TASK TO CARRY OUT = Transcribe the listing exactly, so that nothing but the pictures is missing.

EXERCISE DATA =
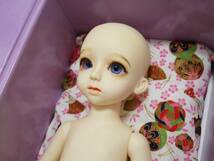 CUSTOM HOUSE Limited classic Ai Antique Doll clssic Uriel 　ドール本体　カスタムハウス_画像3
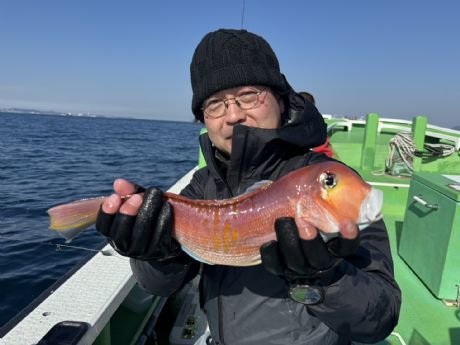 アマダイ(アカアマダイ)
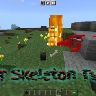 Wither Skeleton Tweaks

TASK OUTPUT =
 CUSTOM HOUSE Limited classic Ai Antique Doll clssic Uriel 　ドール本体　カスタムハウス_画像3
 アマダイ(アカアマダイ)
 Wither Skeleton Tweaks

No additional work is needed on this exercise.